Exercise inputs.
──────────────────────────────
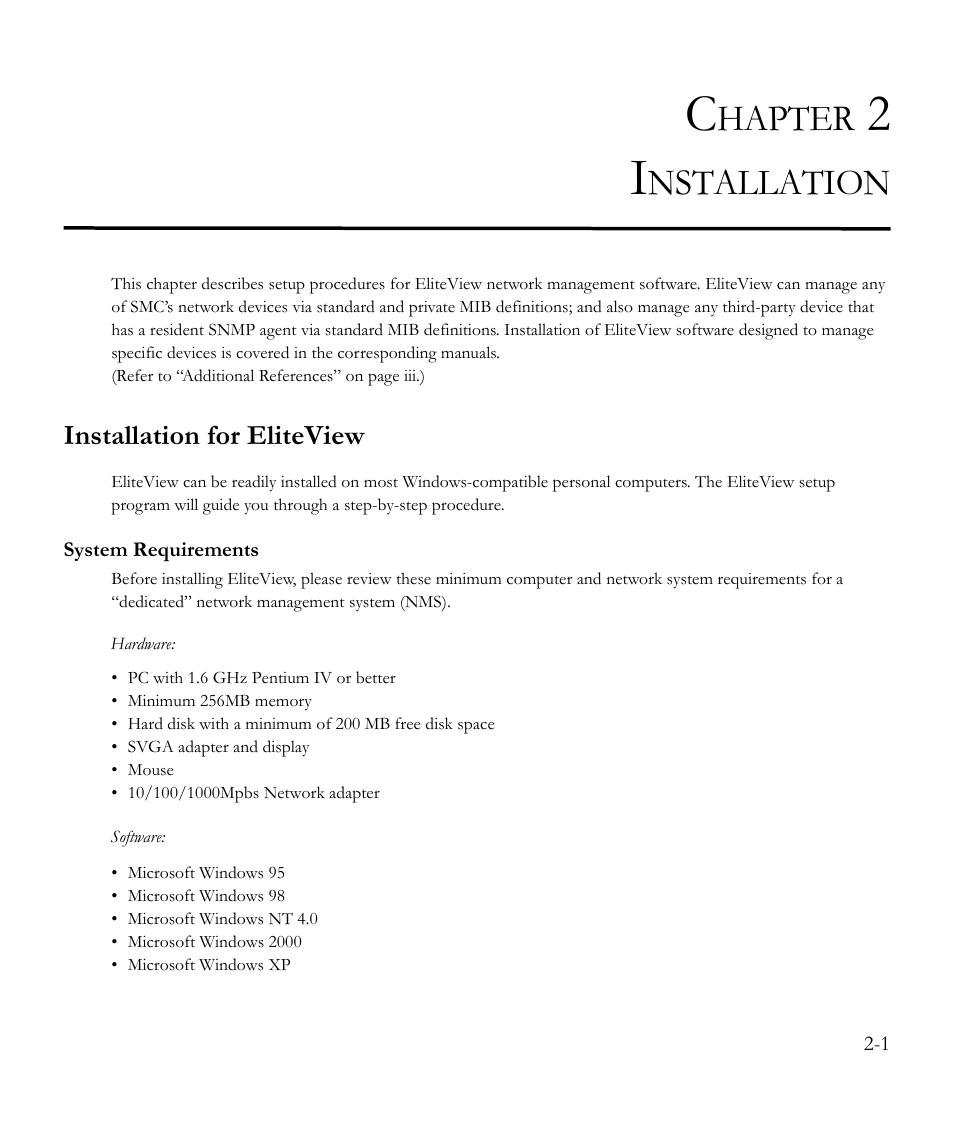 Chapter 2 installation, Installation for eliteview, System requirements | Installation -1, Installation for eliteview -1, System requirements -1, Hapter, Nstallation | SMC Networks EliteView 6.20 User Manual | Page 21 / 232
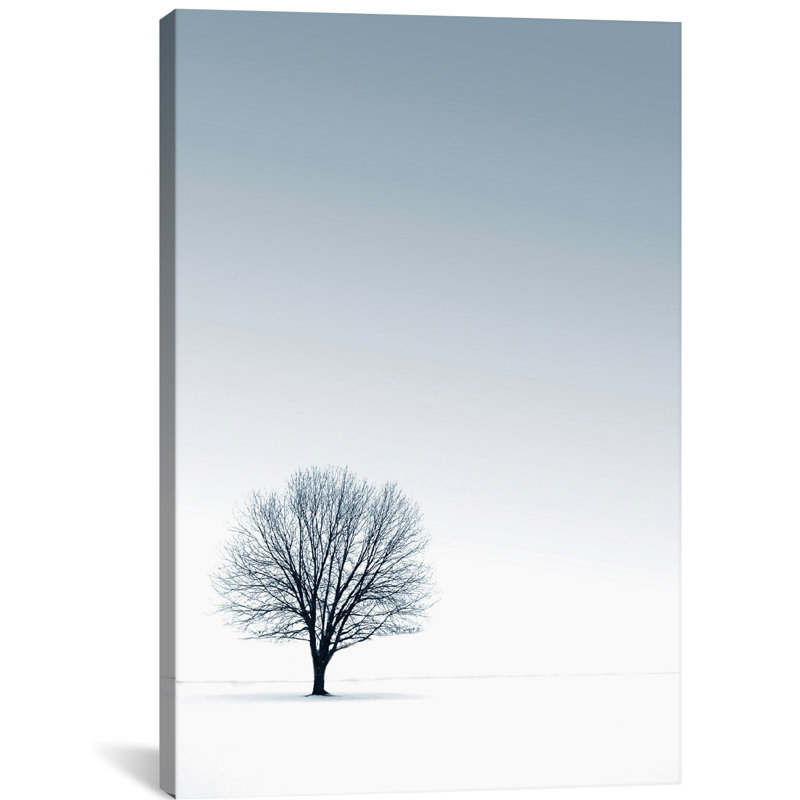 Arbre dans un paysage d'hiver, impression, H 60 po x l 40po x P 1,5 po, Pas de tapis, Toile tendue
──────────────────────────────
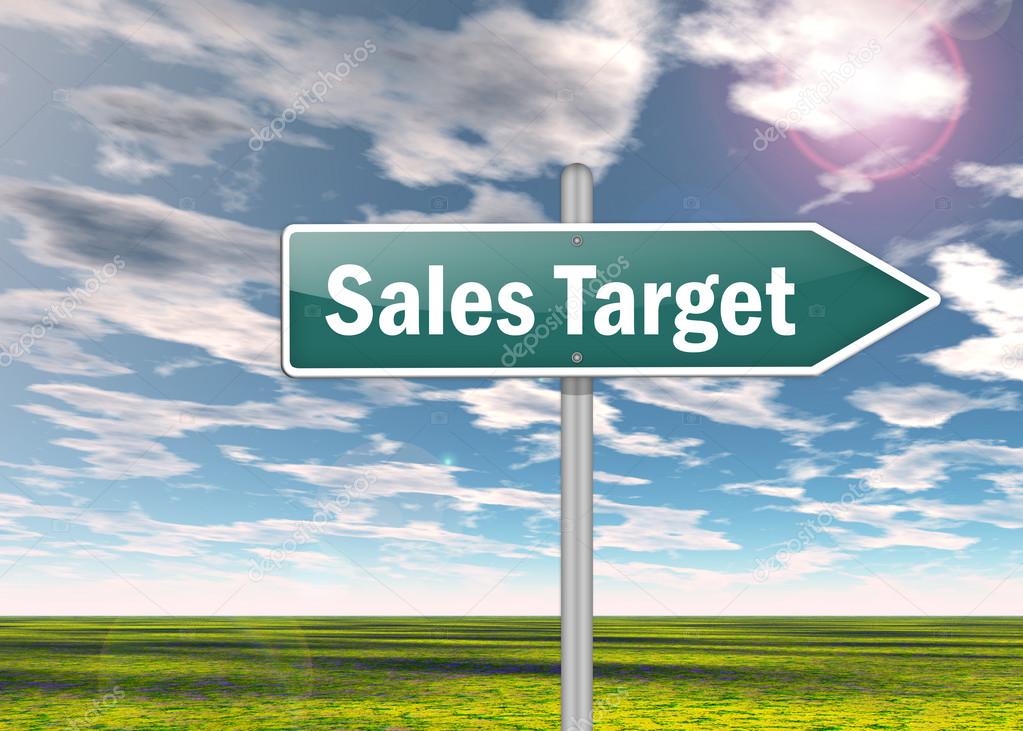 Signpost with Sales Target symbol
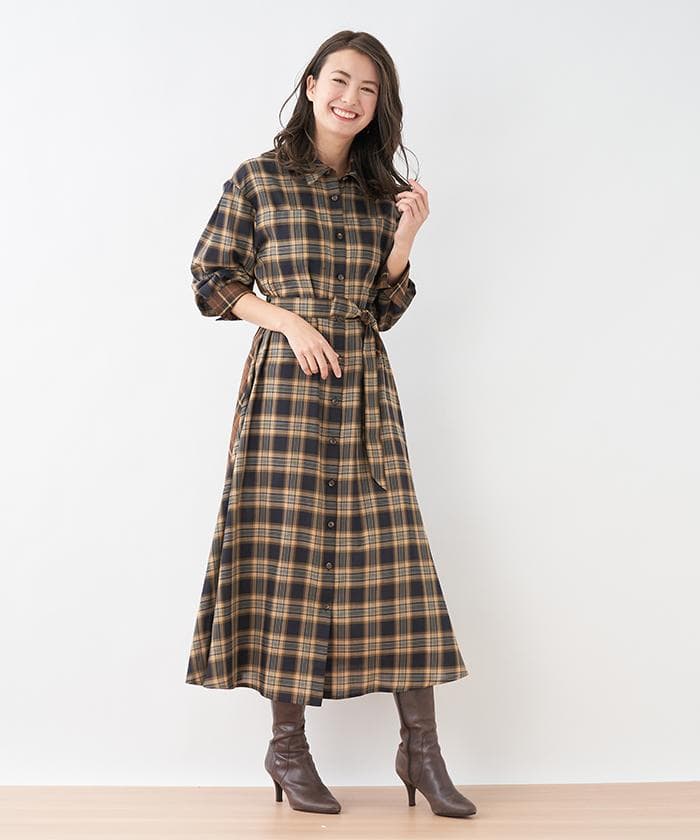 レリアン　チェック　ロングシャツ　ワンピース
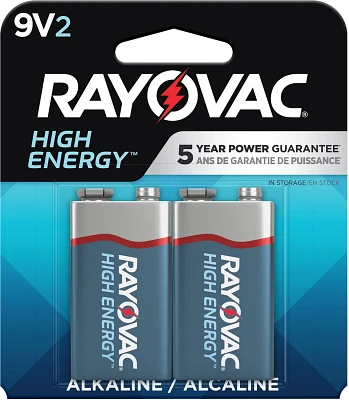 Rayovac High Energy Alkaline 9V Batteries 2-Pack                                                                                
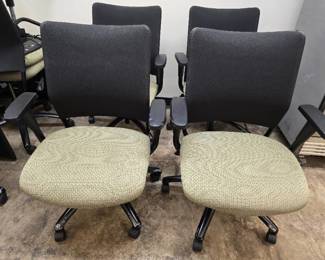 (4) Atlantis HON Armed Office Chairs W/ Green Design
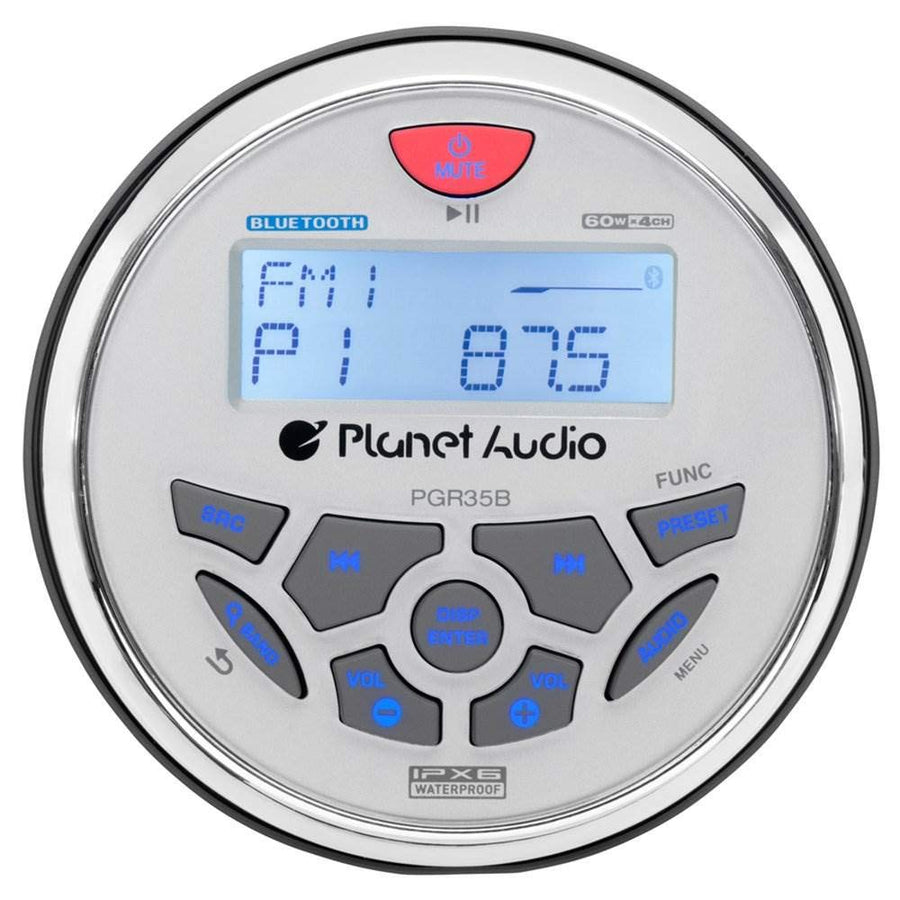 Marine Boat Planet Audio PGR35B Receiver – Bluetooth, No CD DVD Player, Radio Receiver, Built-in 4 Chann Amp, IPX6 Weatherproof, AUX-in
──────────────────────────────
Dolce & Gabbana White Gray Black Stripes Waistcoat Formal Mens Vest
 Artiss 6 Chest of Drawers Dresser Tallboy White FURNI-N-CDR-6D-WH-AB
──────────────────────────────
Task.
Lines that contain the string "White" should be copied from the material above.

Exercise solution.
Dolce & Gabbana White Gray Black Stripes Waistcoat Formal Mens Vest
 Artiss 6 Chest of Drawers Dresser Tallboy White FURNI-N-CDR-6D-WH-AB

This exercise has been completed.